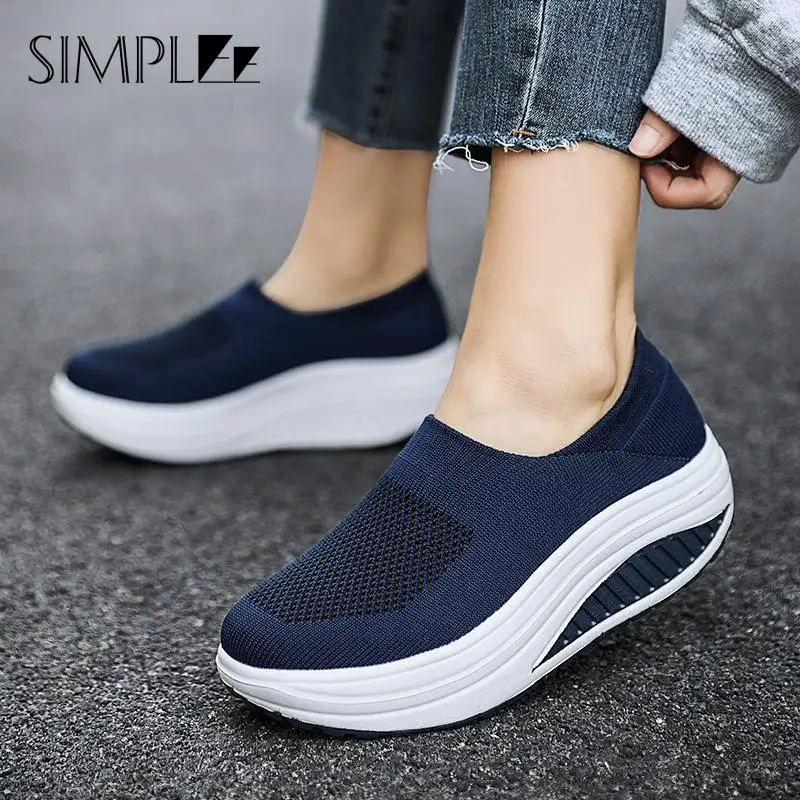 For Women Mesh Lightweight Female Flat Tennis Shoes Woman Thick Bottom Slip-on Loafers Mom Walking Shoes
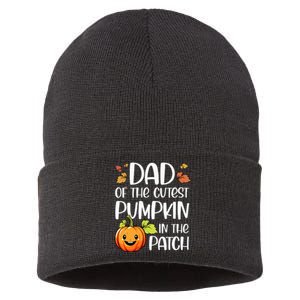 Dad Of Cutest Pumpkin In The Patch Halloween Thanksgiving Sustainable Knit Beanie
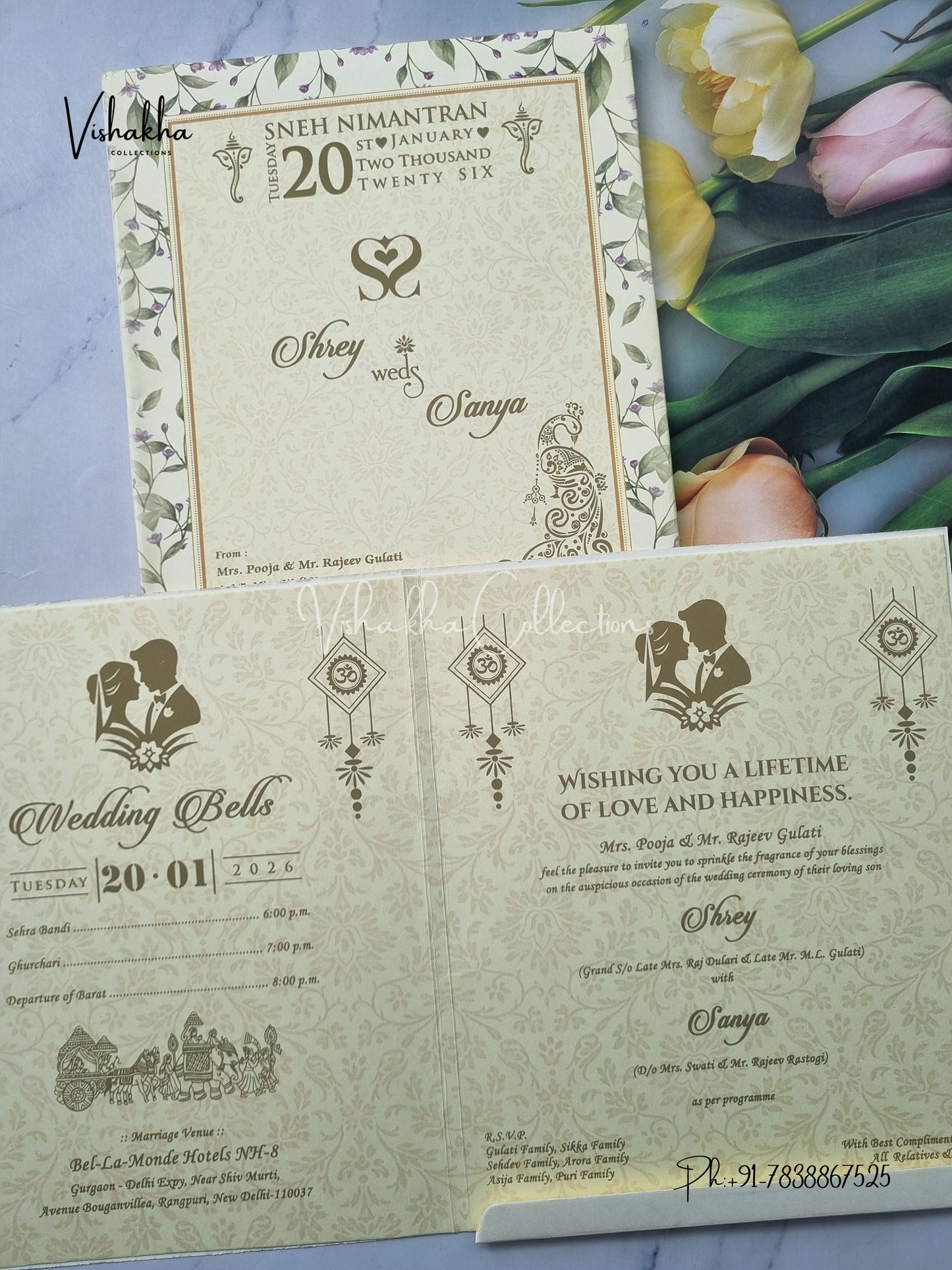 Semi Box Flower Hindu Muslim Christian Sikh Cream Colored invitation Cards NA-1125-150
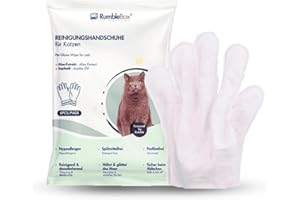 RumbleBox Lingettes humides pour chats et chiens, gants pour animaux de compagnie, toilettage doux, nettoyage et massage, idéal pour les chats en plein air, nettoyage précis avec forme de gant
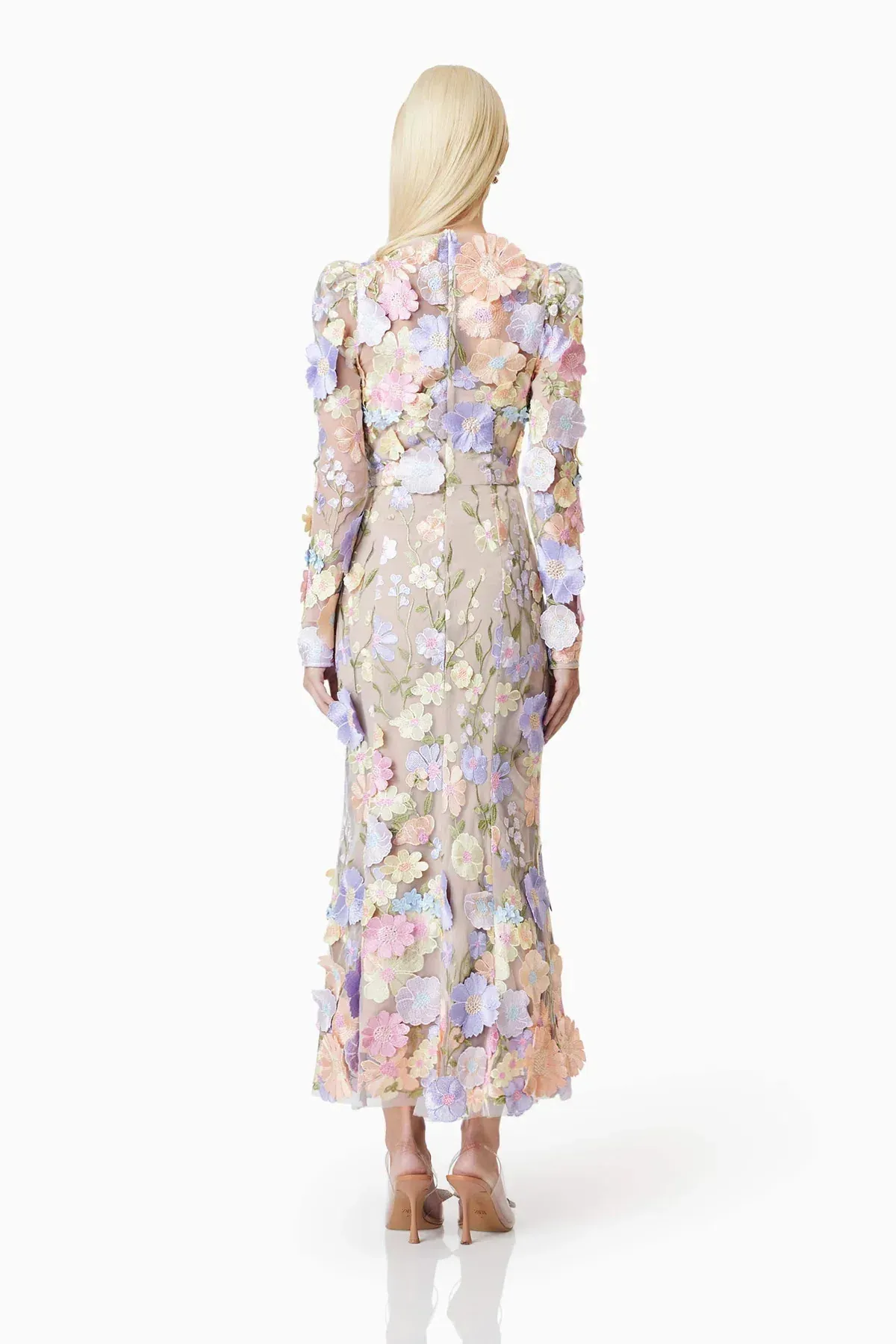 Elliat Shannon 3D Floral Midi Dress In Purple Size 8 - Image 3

_____

● Problem
In the entries above, find the line containing "Semi Box Flower"; transcribe exactly that line and every line after it through the end, and only those, omitting pictures.

● Response
 Semi Box Flower Hindu Muslim Christian Sikh Cream Colored invitation Cards NA-1125-150
 RumbleBox Lingettes humides pour chats et chiens, gants pour animaux de compagnie, toilettage doux, nettoyage et massage, idéal pour les chats en plein air, nettoyage précis avec forme de gant
 Elliat Shannon 3D Floral Midi Dress In Purple Size 8 - Image 3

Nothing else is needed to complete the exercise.